*Description of the task*
Pictures in the data should be dropped; transcribe exactly the lines from the one that has "Hi guys, welcome to" through the one that has "We still have".

*Material supplied*
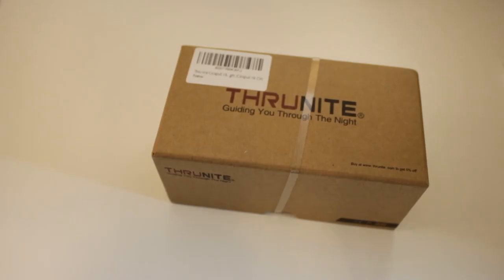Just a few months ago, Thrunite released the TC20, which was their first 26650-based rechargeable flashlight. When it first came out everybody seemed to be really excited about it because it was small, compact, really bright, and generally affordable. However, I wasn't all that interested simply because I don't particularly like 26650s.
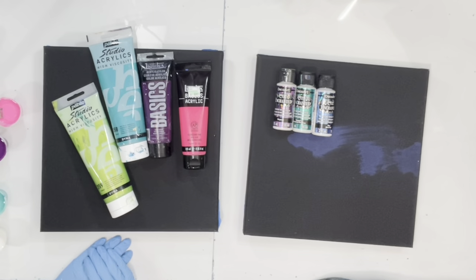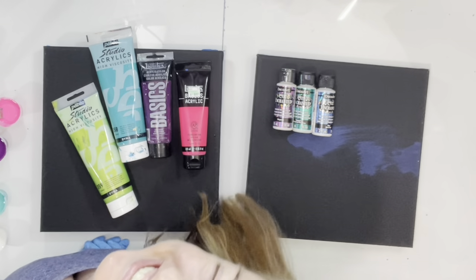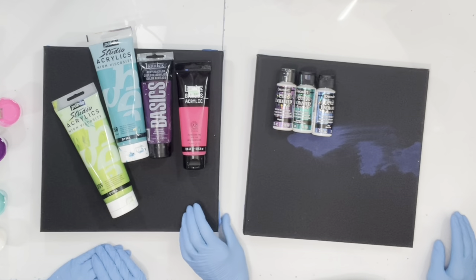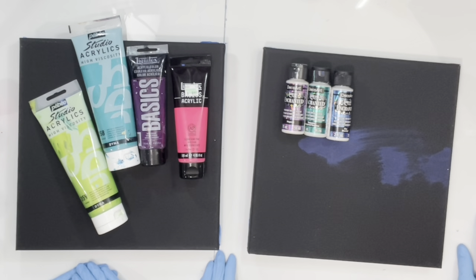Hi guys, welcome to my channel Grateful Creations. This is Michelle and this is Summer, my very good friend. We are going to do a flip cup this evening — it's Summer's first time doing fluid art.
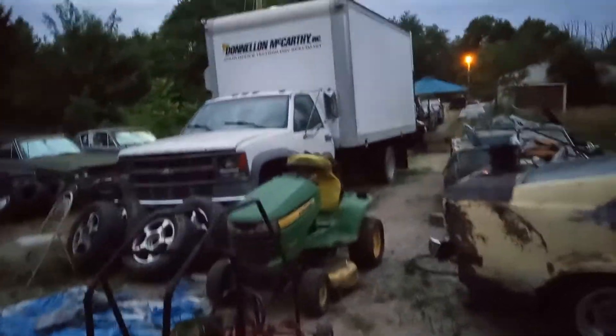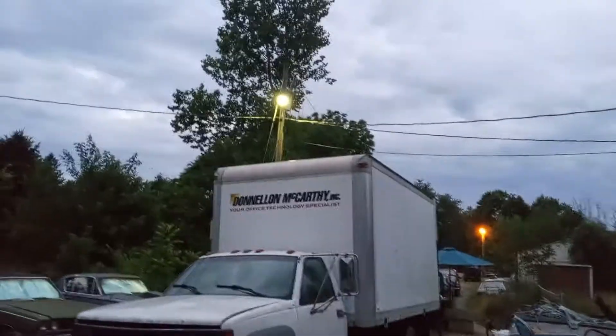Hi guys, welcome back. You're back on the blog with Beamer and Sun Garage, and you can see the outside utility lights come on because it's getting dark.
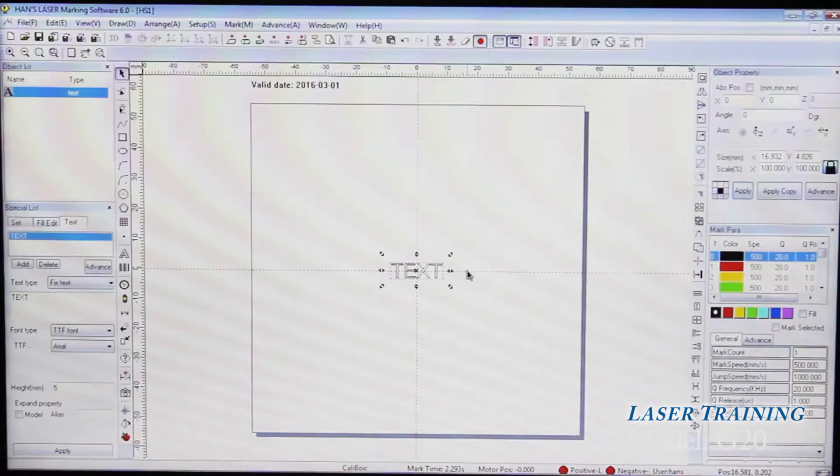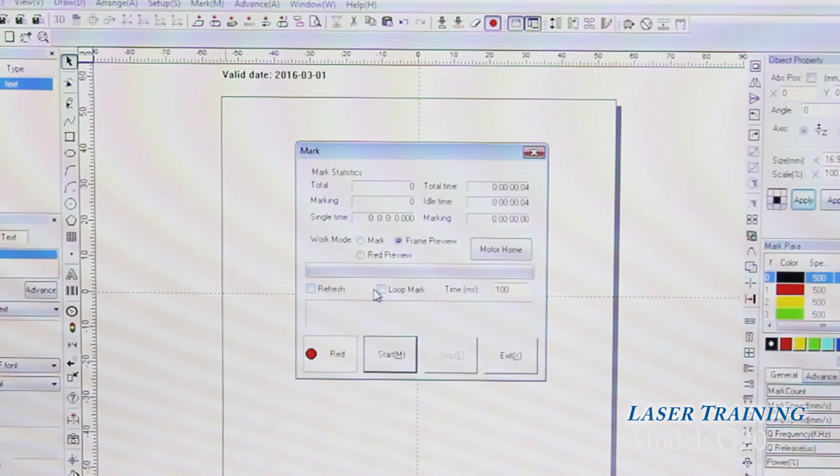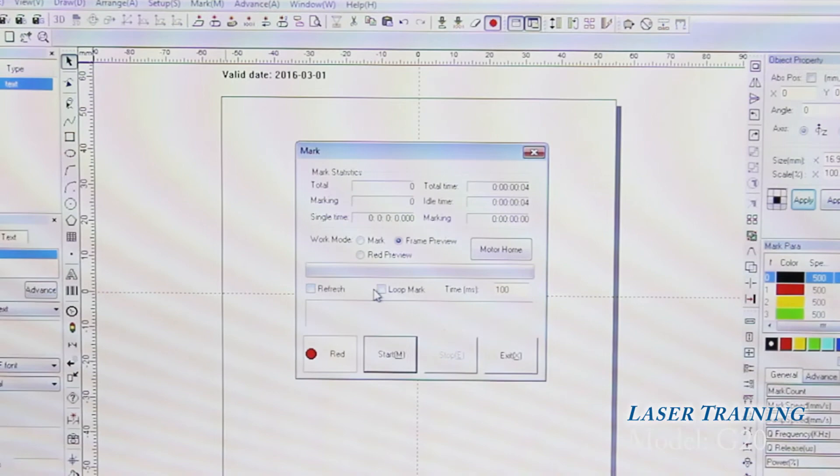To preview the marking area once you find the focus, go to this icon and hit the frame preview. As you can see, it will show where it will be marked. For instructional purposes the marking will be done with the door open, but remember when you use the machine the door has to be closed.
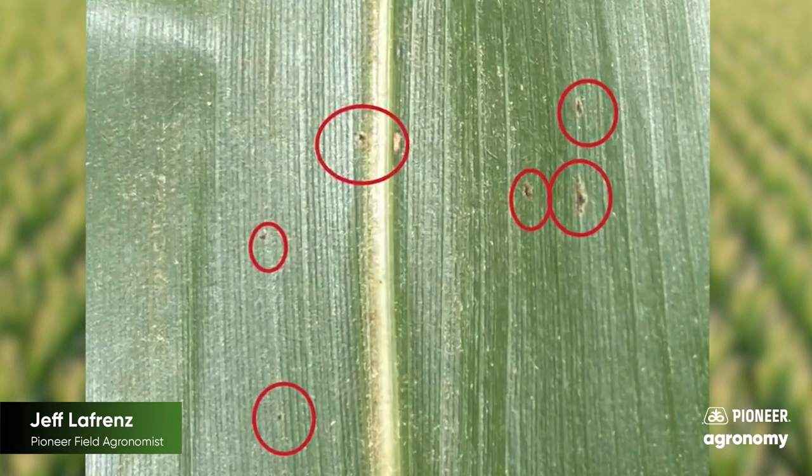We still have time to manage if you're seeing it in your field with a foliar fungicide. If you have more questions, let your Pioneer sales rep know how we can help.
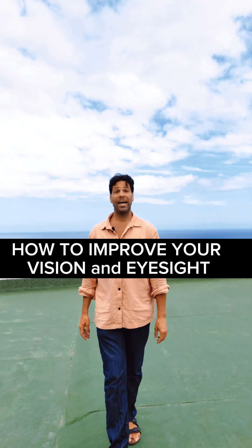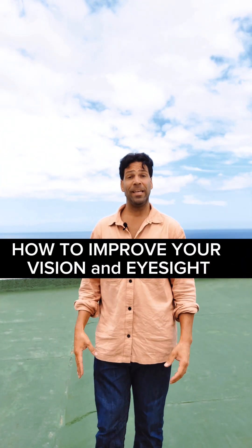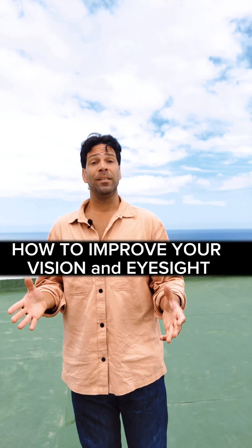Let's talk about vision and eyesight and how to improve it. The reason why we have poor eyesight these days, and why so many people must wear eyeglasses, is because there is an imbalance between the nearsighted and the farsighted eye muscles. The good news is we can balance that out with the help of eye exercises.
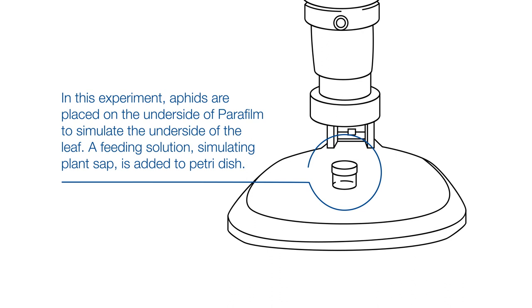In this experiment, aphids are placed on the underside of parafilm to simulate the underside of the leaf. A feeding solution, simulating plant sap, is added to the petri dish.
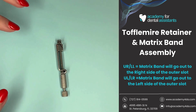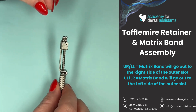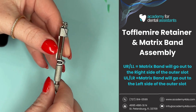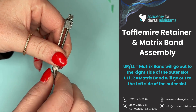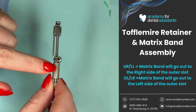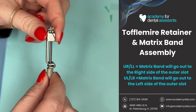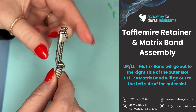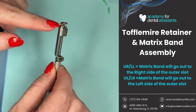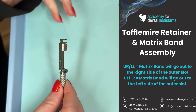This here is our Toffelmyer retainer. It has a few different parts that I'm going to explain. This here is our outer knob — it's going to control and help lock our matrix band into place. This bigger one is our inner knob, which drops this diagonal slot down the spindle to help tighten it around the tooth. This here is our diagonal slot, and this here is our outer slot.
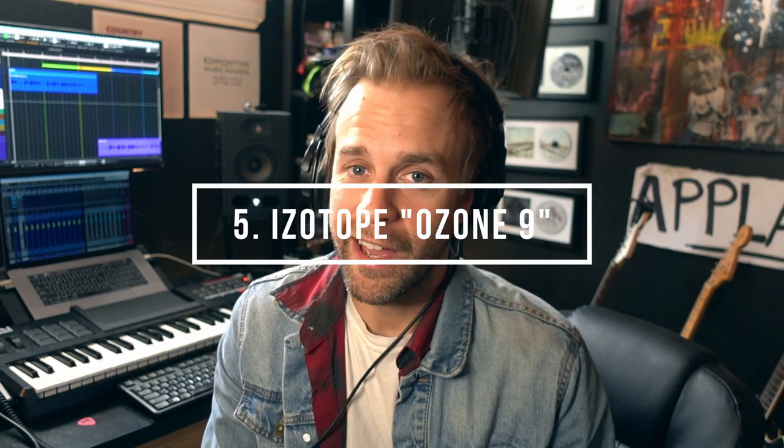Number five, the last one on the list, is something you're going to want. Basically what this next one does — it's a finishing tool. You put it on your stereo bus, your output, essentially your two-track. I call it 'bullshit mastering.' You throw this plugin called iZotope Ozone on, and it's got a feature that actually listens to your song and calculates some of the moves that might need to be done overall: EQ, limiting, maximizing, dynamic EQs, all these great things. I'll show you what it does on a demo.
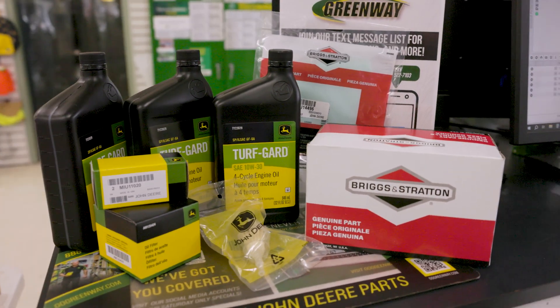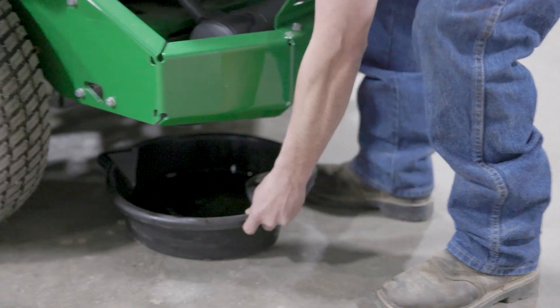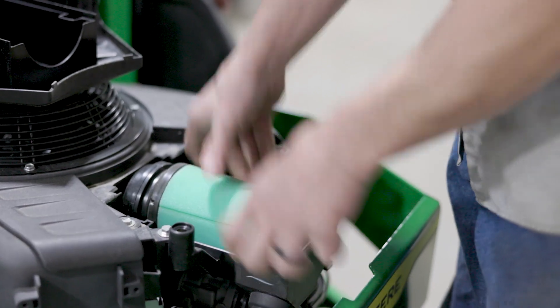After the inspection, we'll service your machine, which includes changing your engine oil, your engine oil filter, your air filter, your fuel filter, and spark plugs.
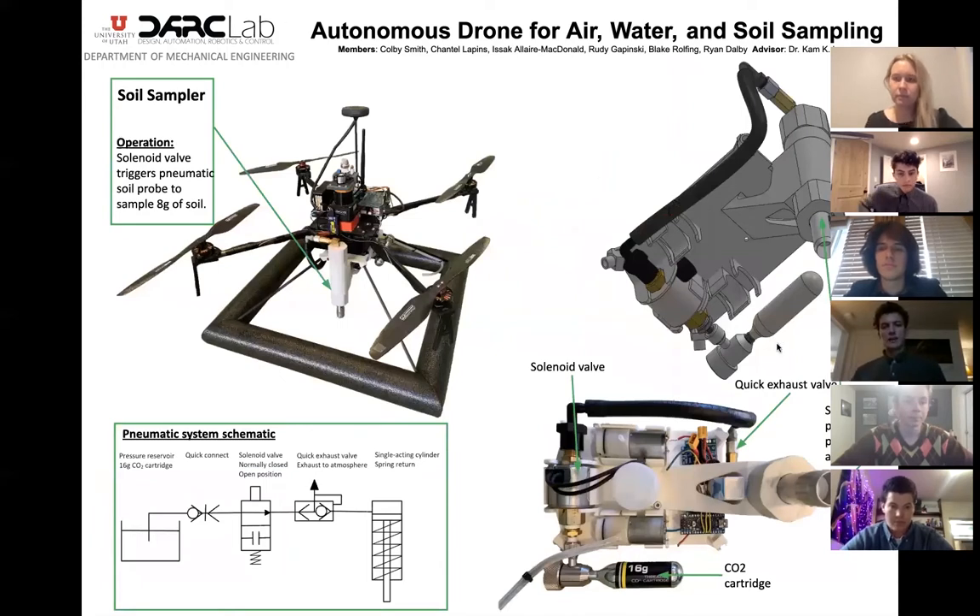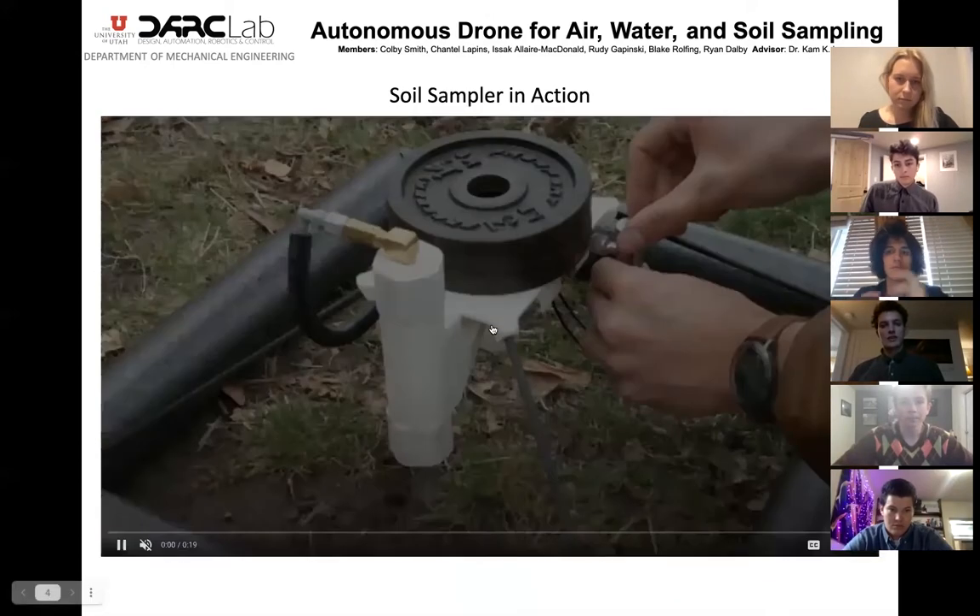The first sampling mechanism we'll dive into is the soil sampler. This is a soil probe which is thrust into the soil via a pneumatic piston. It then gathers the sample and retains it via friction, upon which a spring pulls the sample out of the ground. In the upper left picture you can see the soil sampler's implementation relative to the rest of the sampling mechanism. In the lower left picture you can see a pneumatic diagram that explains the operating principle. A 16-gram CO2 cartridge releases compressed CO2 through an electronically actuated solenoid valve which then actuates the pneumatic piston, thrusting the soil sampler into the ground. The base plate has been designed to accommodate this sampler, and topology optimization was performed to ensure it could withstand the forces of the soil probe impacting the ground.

*Result*
Hi guys, welcome to my channel Grateful Creations. This is Michelle and this is Summer, my very good friend. We are going to do a flip cup this evening — it's Summer's first time doing fluid art.
Hi guys, welcome back. You're back on the blog with Beamer and Sun Garage, and you can see the outside utility lights come on because it's getting dark.
To preview the marking area once you find the focus, go to this icon and hit the frame preview. As you can see, it will show where it will be marked. For instructional purposes the marking will be done with the door open, but remember when you use the machine the door has to be closed.
We still have time to manage if you're seeing it in your field with a foliar fungicide. If you have more questions, let your Pioneer sales rep know how we can help.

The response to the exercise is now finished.